About this exercise >> Below are the records; give again exactly the line with "Greylag Geese by lifeat60degrees", the line with "wooden bench in", and each line that lies between them, and nothing besides.

Extracted data entries >>
[Start of Attachment]

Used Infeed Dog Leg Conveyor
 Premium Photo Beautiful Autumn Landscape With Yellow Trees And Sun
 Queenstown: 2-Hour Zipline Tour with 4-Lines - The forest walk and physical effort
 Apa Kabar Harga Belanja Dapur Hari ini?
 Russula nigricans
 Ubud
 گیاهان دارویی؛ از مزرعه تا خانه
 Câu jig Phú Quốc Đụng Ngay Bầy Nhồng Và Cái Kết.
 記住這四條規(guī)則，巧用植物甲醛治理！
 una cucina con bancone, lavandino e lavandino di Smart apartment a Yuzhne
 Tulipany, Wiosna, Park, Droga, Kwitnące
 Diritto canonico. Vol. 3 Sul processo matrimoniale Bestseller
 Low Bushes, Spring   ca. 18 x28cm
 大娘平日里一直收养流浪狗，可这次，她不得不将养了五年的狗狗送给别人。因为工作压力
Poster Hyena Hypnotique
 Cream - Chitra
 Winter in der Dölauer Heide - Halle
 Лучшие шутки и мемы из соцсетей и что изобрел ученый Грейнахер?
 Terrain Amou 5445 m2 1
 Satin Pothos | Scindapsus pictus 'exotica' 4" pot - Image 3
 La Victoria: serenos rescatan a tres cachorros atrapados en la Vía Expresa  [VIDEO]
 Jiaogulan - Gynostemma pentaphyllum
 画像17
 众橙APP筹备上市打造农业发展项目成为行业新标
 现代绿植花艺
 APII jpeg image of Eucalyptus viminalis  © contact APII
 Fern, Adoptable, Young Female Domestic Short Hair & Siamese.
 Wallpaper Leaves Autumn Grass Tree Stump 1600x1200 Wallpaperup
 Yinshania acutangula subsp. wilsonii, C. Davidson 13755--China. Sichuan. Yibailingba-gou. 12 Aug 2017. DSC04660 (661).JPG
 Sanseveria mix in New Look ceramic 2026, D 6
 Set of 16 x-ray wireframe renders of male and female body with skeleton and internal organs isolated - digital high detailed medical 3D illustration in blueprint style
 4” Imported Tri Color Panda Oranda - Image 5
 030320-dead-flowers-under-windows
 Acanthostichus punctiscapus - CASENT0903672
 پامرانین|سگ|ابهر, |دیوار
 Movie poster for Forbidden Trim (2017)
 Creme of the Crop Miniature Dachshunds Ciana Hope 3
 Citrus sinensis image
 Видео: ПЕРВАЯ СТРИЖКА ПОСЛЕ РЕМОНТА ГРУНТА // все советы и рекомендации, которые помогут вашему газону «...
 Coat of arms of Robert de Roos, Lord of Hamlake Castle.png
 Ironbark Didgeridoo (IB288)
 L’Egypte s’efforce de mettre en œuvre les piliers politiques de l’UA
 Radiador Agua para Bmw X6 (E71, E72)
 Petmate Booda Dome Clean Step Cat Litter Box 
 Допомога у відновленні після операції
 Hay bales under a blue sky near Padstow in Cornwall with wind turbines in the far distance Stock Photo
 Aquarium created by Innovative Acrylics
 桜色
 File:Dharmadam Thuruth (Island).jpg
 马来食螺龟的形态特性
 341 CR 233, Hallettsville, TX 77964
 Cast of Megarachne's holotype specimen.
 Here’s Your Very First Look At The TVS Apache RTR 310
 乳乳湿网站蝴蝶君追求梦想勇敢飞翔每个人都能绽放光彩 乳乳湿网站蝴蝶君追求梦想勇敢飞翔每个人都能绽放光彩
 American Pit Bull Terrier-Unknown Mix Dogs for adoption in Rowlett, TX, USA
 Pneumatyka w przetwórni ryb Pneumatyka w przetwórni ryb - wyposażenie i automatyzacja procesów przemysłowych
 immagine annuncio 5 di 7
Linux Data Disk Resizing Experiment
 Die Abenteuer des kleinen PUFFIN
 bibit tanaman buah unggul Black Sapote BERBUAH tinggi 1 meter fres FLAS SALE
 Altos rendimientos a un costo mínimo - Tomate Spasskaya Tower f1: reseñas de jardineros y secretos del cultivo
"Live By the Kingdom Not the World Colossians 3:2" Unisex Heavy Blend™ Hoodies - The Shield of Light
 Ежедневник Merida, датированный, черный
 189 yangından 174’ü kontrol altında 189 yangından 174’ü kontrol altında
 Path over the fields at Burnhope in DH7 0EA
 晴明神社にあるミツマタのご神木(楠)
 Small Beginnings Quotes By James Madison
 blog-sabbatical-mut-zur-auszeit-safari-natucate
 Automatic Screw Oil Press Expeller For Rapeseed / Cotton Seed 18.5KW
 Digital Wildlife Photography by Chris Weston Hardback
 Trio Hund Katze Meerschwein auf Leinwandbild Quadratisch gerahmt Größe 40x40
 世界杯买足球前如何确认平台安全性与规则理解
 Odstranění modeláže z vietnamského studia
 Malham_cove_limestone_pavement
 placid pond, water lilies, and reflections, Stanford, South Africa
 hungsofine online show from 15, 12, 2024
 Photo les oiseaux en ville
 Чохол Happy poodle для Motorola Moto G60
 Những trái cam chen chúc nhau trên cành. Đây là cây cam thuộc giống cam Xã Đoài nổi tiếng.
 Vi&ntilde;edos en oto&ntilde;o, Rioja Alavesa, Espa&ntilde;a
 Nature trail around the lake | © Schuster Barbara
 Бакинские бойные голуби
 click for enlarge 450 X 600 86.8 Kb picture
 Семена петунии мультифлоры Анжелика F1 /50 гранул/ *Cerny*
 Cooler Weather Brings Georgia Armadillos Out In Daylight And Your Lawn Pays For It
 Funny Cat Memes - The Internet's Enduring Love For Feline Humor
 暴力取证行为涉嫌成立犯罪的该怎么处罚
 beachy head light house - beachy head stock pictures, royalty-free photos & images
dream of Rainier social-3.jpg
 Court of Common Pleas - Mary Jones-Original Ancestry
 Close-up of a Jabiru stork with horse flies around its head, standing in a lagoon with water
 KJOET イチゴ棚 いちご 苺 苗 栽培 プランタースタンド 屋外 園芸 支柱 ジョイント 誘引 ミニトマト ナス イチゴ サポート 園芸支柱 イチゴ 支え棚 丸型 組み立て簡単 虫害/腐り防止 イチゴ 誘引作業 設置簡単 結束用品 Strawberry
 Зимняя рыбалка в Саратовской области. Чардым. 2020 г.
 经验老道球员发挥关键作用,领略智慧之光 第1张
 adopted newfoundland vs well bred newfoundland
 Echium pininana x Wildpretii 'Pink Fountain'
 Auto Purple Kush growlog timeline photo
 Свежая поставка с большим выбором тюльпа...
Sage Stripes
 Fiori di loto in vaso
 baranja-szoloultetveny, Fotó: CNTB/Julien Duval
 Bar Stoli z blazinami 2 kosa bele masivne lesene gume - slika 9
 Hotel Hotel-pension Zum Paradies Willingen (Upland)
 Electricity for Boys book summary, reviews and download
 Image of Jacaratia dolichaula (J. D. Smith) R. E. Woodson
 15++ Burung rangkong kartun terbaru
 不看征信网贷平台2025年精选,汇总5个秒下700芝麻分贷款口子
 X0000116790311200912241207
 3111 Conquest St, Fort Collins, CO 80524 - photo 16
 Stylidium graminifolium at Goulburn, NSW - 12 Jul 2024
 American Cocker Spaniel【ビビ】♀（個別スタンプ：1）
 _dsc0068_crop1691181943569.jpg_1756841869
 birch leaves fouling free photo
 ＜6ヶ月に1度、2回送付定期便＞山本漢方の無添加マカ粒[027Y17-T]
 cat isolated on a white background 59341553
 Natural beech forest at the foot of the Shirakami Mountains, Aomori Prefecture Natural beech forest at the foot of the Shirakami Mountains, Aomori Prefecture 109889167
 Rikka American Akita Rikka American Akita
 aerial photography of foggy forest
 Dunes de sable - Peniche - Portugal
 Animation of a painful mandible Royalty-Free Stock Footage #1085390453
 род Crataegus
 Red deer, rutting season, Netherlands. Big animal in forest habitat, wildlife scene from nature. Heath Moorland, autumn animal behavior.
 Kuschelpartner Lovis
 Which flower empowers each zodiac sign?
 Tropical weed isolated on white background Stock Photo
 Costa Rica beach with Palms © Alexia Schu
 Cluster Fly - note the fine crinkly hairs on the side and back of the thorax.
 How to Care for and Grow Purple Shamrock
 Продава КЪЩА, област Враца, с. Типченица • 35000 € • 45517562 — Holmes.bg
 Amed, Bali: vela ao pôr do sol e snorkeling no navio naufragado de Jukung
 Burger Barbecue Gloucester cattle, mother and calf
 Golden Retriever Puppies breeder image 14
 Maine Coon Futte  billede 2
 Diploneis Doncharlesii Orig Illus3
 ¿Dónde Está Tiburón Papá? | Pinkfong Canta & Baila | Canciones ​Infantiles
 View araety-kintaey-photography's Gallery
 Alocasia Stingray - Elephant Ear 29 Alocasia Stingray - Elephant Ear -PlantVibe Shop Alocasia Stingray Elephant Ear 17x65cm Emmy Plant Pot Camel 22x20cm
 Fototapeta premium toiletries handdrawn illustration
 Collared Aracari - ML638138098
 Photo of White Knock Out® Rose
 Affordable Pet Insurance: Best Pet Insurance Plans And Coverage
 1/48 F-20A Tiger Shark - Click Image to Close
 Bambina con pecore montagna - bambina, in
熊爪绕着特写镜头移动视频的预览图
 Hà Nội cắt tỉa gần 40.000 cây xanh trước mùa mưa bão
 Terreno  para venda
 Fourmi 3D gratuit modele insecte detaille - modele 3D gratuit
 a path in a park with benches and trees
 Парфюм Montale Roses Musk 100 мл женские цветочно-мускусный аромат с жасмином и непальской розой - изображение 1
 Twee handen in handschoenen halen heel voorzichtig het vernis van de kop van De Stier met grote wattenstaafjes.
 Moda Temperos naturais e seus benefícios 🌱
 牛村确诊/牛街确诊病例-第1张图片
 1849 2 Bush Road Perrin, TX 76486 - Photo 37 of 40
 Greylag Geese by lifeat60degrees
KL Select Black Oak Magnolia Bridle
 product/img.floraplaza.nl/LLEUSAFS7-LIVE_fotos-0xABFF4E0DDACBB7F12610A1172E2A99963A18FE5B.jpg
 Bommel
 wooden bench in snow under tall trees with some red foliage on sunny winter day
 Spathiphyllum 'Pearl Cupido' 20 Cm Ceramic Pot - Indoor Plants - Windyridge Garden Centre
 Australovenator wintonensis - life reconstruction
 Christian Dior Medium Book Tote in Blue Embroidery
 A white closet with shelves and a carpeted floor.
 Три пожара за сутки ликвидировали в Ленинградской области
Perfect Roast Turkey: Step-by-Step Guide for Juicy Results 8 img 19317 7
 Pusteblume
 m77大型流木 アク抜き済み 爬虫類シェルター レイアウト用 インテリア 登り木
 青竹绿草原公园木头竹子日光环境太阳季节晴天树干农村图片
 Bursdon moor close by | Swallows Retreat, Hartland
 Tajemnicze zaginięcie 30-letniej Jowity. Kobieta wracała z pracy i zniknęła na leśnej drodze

[End of Attachment]

Written answer >>
 Greylag Geese by lifeat60degrees
KL Select Black Oak Magnolia Bridle
 product/img.floraplaza.nl/LLEUSAFS7-LIVE_fotos-0xABFF4E0DDACBB7F12610A1172E2A99963A18FE5B.jpg
 Bommel
 wooden bench in snow under tall trees with some red foliage on sunny winter day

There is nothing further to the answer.